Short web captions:

»»

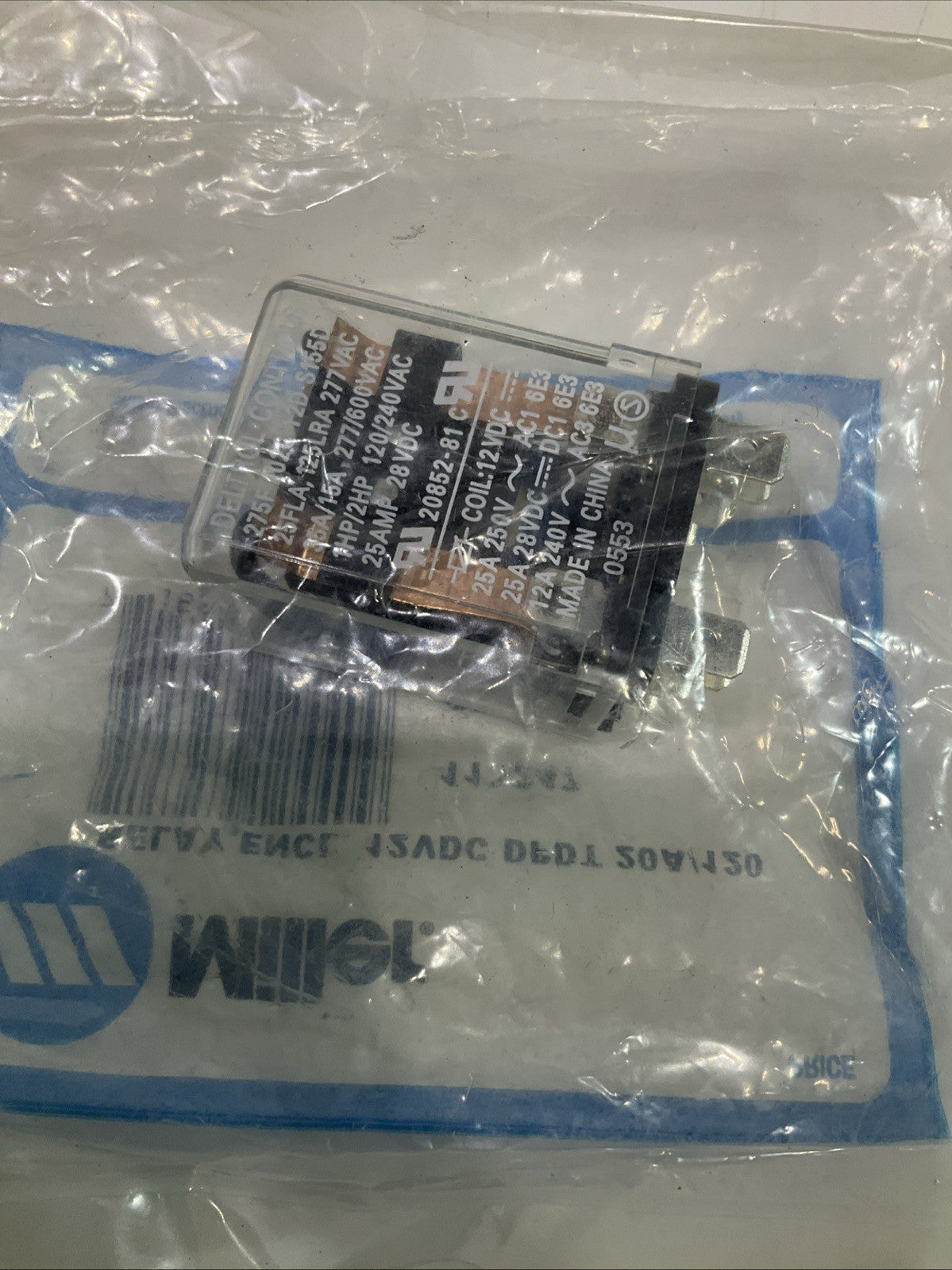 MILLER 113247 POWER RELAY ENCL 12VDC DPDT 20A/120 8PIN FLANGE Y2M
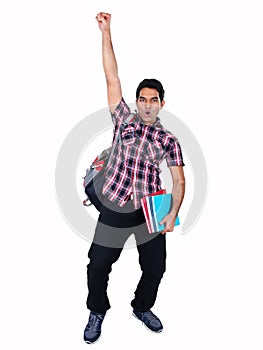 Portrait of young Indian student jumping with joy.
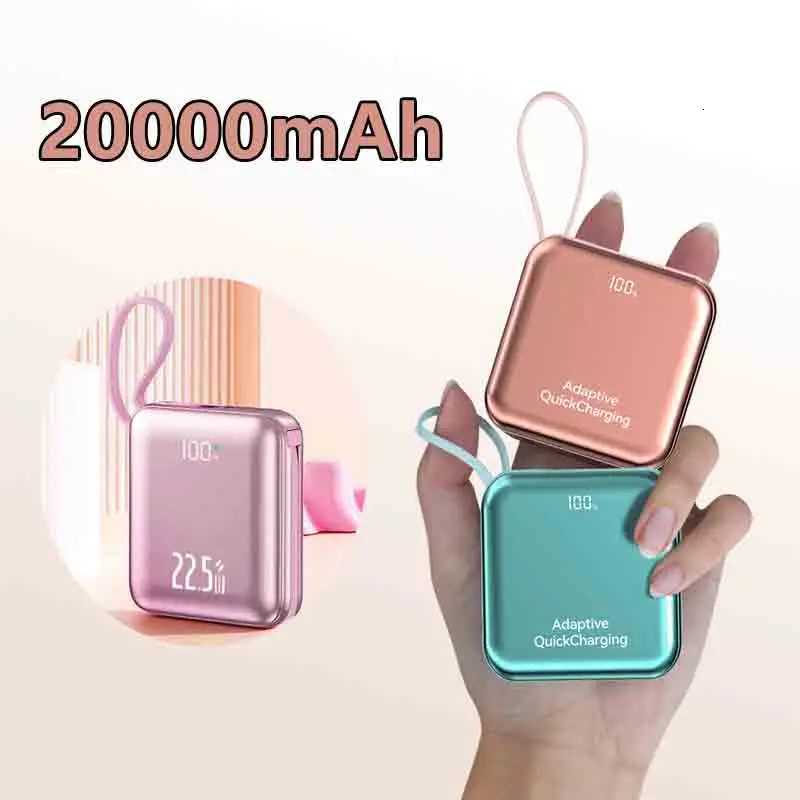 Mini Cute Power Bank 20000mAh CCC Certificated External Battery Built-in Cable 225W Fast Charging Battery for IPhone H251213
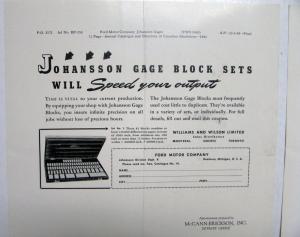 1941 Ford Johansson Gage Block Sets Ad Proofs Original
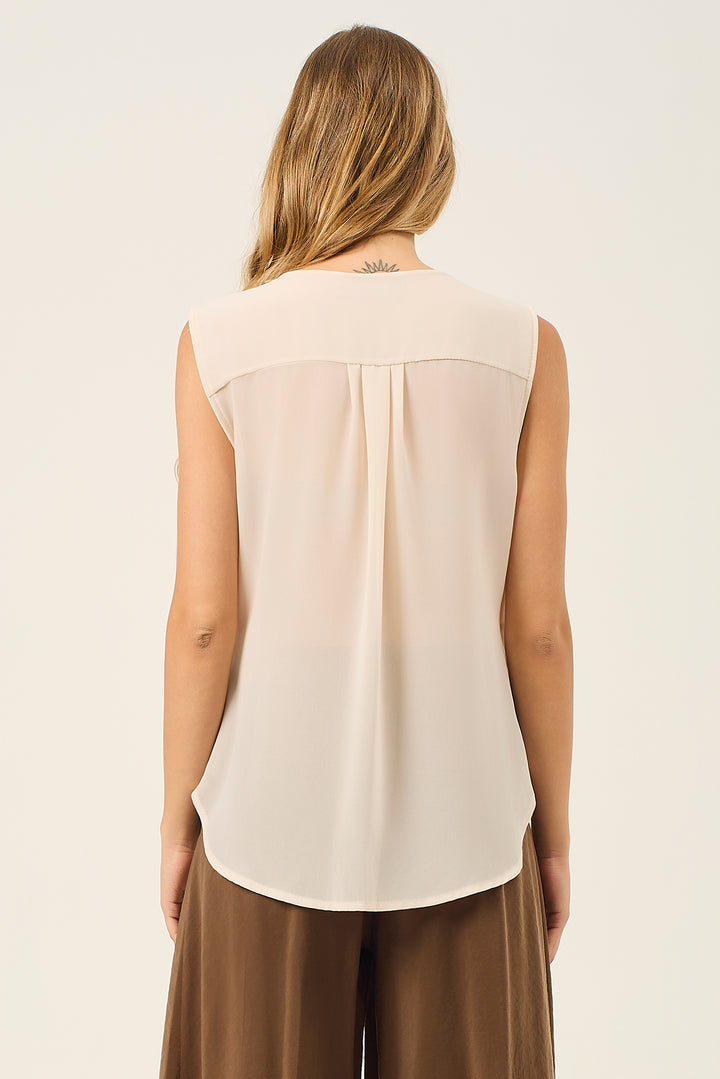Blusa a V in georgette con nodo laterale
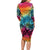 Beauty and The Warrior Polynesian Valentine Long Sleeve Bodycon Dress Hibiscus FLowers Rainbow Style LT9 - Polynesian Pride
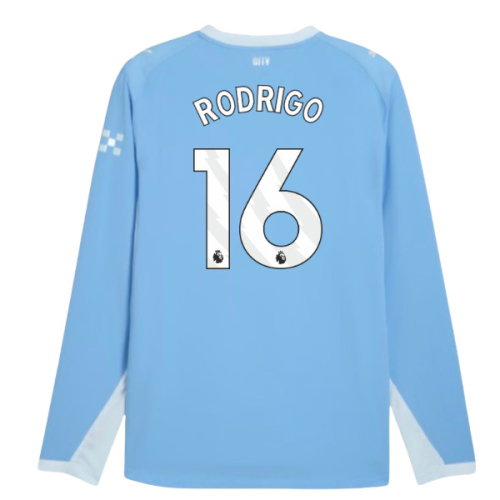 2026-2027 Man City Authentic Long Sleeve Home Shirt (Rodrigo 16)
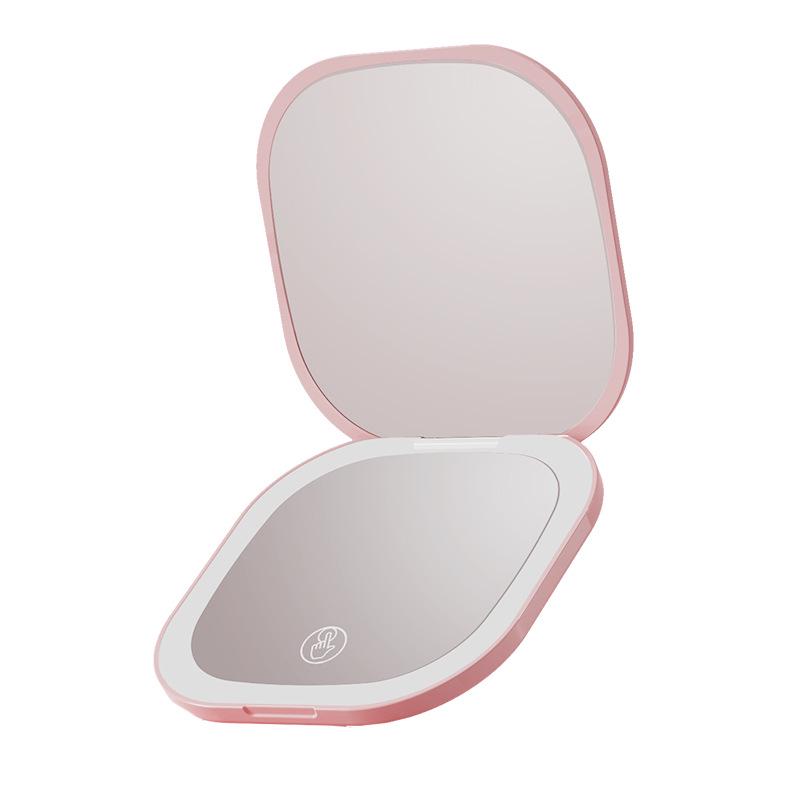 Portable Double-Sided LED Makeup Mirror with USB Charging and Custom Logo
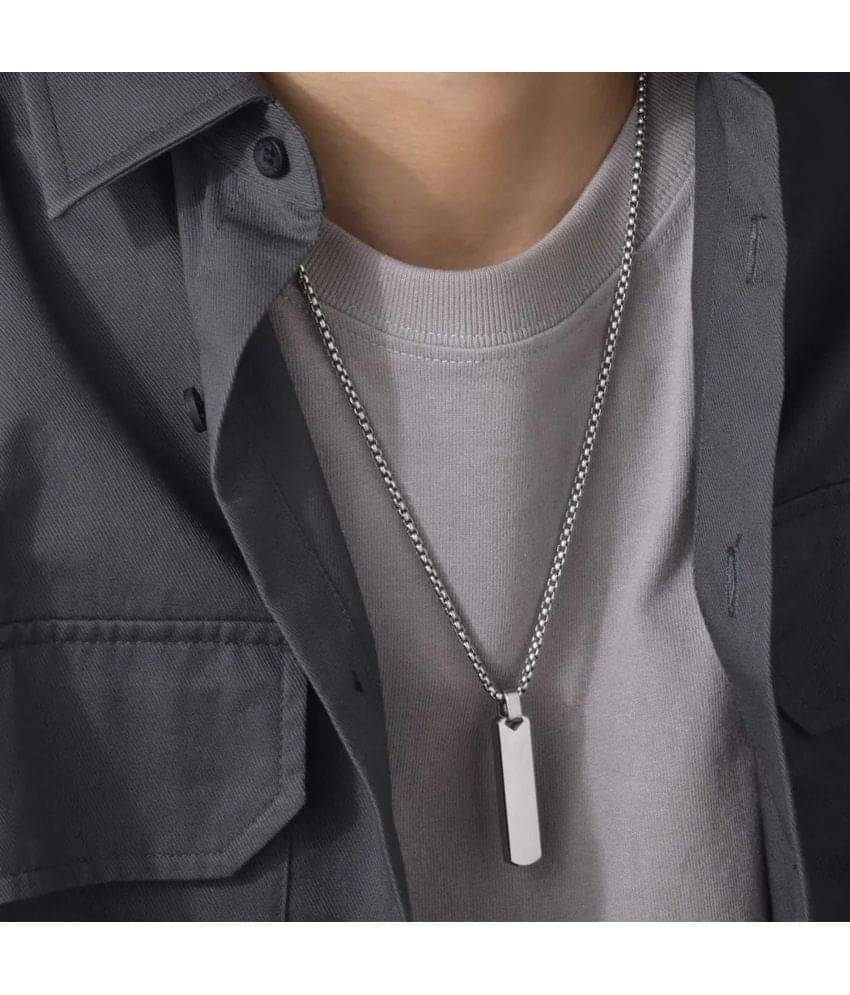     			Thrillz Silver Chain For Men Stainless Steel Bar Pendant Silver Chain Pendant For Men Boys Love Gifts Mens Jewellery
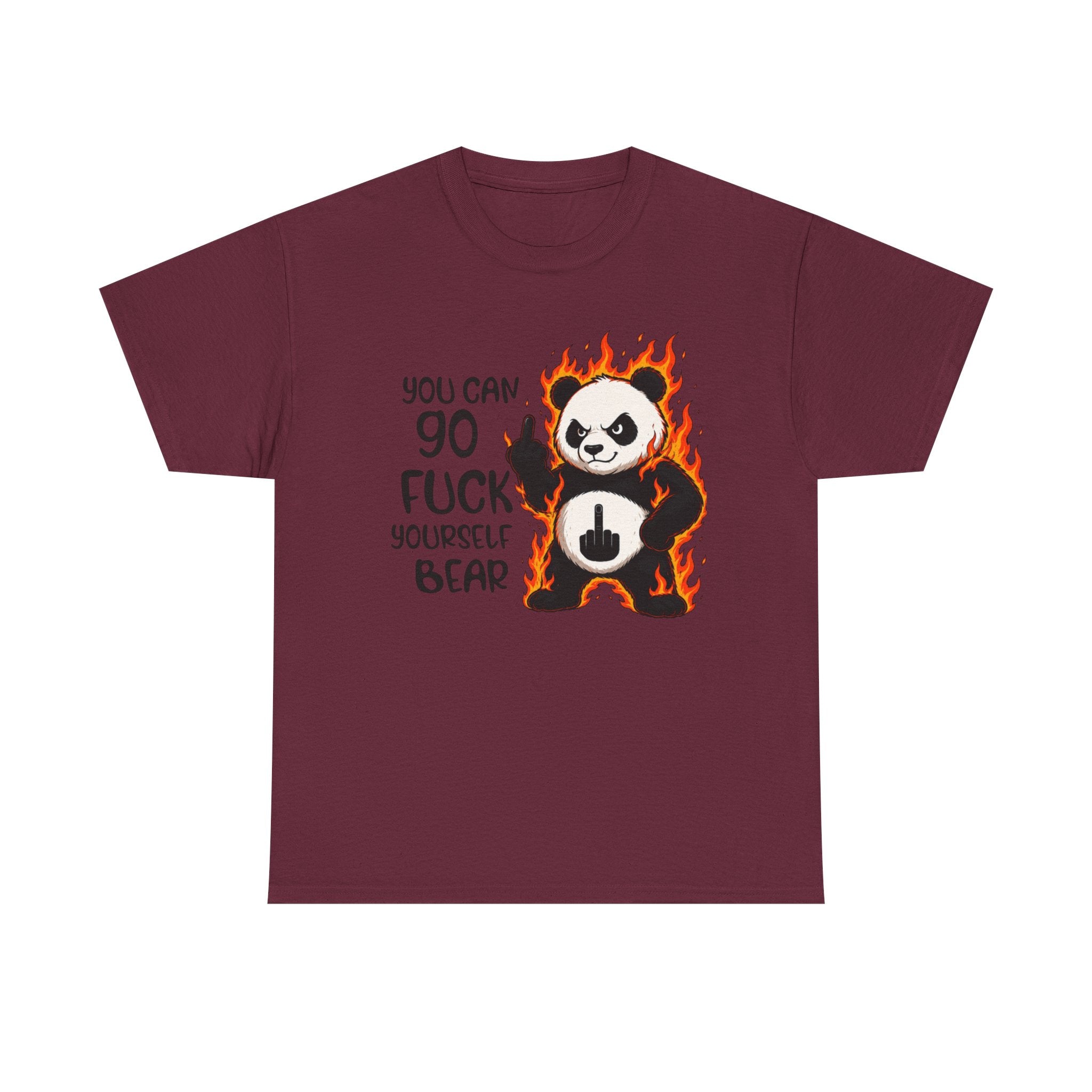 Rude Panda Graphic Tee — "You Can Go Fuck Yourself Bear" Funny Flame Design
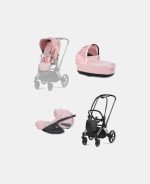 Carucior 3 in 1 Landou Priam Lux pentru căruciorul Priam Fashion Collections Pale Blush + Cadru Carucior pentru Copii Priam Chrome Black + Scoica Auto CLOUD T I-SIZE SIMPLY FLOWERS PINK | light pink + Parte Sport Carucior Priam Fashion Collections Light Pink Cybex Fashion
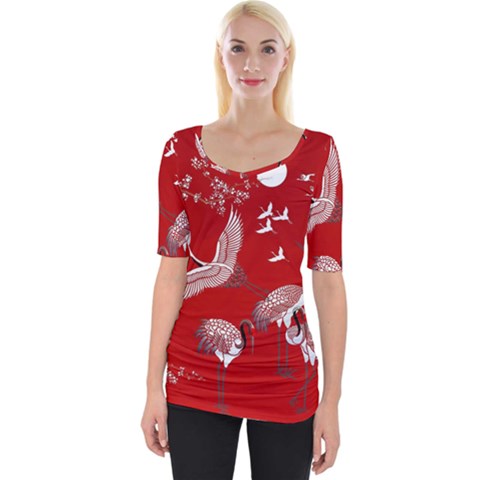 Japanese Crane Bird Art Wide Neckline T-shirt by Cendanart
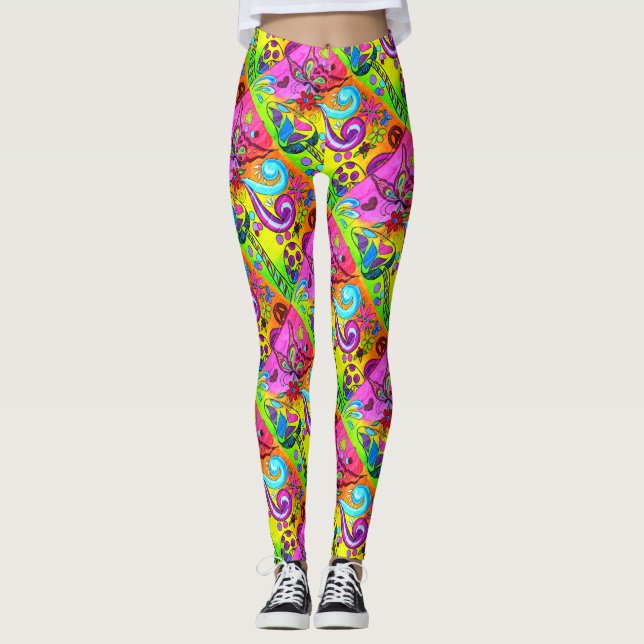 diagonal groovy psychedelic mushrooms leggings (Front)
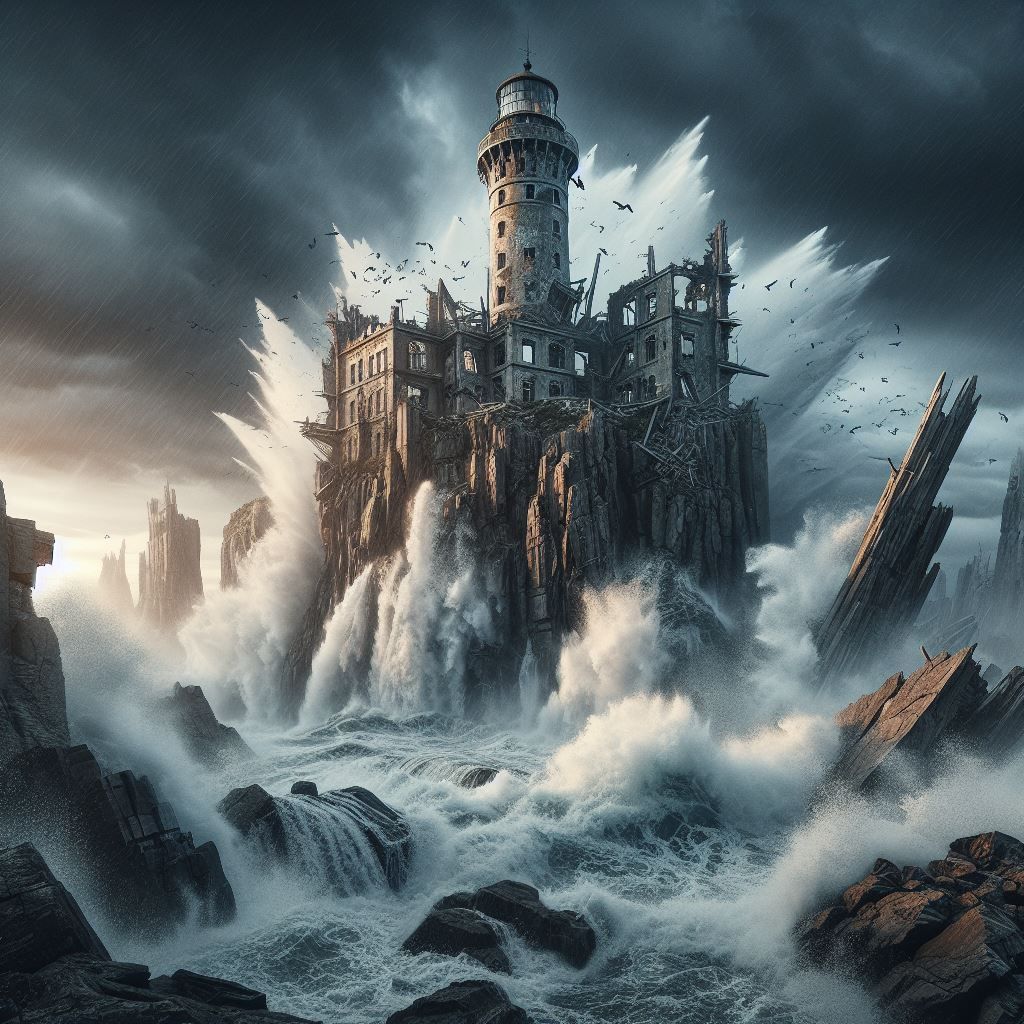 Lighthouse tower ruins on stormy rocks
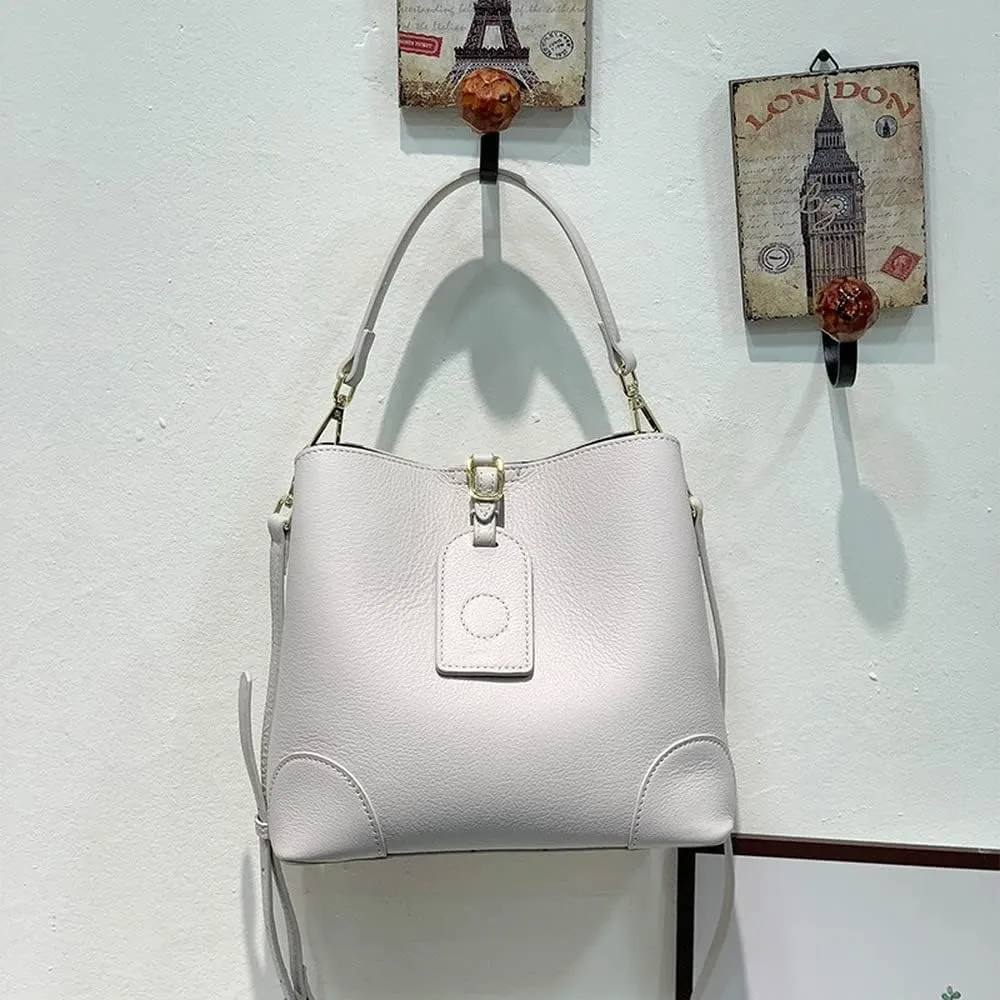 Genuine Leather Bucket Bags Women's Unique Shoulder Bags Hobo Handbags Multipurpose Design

««

Return only the part above that opens with the line containing "2026-2027 Man City" and closes with the line containing "Rude Panda Graphic", exactly and with both ends, skipping the pictures.

# Answer to this problem
 2026-2027 Man City Authentic Long Sleeve Home Shirt (Rodrigo 16)
 Portable Double-Sided LED Makeup Mirror with USB Charging and Custom Logo
     			Thrillz Silver Chain For Men Stainless Steel Bar Pendant Silver Chain Pendant For Men Boys Love Gifts Mens Jewellery
 Rude Panda Graphic Tee — "You Can Go Fuck Yourself Bear" Funny Flame Design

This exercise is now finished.